One day, in her freshman year of college, the beautiful moose became enraged with the world, so enraged that she contemplated killing her roommate, her biology teacher, her boyfriend and his dog. She did not understand why she thought of doing these things. She went to a well-recommended moose psychiatrist and told of her fears. The moose psychiatrist wrote down things like passivity, acceptance, indifference, ineffectual rage, and counteractions. He wrote PRIVATE and CONFIDENTIAL on her file and locked it in a mahogany-colored filing cabinet. He gave her a prescription for Xanax. The beautiful moose did not feel any happier, but she also did not care that she was unhappy. She did not kill her roommate or her biology teacher or her boyfriend and his dog. No one ever found out about the file. She graduated with a degree in animal husbandry and married a man who would become a prominent meteorologist at a highly-ranked local station that was independently owned by an environmentalist who believed in Global Warming and drove a hybrid SUV. They were a happy family. They moved to a small forest in Anchorage just far enough outside the city limits. They sharpened their antlers on glaciers made of blue ice and ate clover in the springtime. It was a magical world, but it would not last for long.

When the beautiful moose became with child she was blissfully happy for the first time in her life. She knew just what kind of mother she would be, she knew the games she would play with her moose child, the fun they would have at the park. But after the beloved moose child was born the meteorologist became moody and defensive. He became jealous of the moose child and worried that he did not make enough money to support the three of them. He spent nights away from home, telling his moose wife he was working hard to earn extra money. The moose wife became sad again, she painted every room in the house a different color, took up needle pointing and participated in a weekly Jazzercise class but nothing worked. She did not like staying home with the moose child when the meteorologist was out earning money so she ran away to New York, leaving her moose child behind. The meteorologist became enraged and threatened to keep the moose child from his beautiful moose wife unless she came back home. The moose wife became even sadder but she could not go back home.

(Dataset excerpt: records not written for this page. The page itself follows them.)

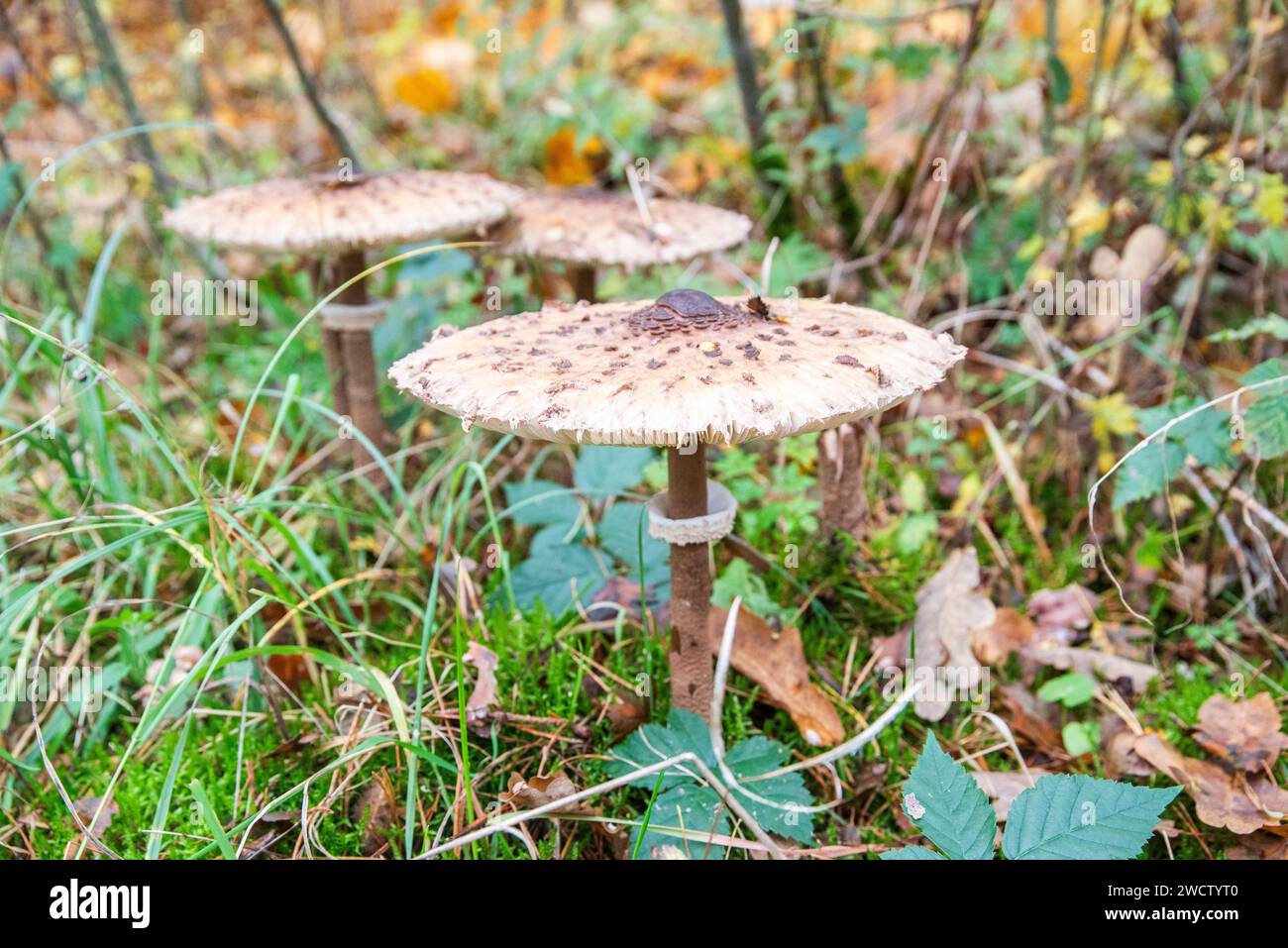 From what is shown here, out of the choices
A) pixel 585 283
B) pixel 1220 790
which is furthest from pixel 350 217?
pixel 1220 790

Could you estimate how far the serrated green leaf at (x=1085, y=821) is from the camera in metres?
2.19

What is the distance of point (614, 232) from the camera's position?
3719 mm

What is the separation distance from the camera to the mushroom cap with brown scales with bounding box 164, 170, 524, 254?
10.9 feet

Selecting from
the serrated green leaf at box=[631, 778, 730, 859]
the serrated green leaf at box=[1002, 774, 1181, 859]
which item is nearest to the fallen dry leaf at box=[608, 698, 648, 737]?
the serrated green leaf at box=[631, 778, 730, 859]

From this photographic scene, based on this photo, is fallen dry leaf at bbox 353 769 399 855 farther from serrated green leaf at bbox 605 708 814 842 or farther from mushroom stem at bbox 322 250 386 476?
mushroom stem at bbox 322 250 386 476

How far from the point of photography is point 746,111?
16.6ft

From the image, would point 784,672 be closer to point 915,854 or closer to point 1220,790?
point 915,854

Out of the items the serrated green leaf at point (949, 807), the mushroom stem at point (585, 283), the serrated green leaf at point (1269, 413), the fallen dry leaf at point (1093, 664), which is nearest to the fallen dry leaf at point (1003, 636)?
the fallen dry leaf at point (1093, 664)

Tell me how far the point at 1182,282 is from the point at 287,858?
4.23m

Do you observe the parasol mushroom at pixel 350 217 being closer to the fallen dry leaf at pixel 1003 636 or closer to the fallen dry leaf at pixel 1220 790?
the fallen dry leaf at pixel 1003 636

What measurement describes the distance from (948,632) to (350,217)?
2498 millimetres

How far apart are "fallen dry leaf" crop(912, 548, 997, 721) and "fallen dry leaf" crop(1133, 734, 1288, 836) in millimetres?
552

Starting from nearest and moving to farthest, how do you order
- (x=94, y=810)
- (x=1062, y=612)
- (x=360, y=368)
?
(x=94, y=810), (x=1062, y=612), (x=360, y=368)

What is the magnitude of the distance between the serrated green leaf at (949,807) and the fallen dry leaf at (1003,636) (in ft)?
3.86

Instead she moved halfway back and settled in Montana, spending the rest of her life wishing that she had killed the meteorologist in his sleep long ago.

By this time the moose child was as sad as her mother had ever been and started cutting down trees with her antlers as a release from the pain and suffering. The meteorologist built her a canoe. The moose child carried the canoe to a campsite to embark on a soul-searching trip that she hoped would bring clarity to her life but a group of campers made fun of the way she talked so she beat them with the canoe instead, killing eight park rangers, two Inuit’s, and an Alaskan Husky/Chow mix dog that was eating a peanut butter sandwich from the trash. When the rampage was over the moose child stood in the canoe, waiting for the police to arrive. Later the meteorologist would blame his beautiful moose wife for the problems of the child and the moose wife would accept complete responsibility. Later the moose child would dream of a life in Japan from her prison cell and speak to herself in a moose language that only she could understand.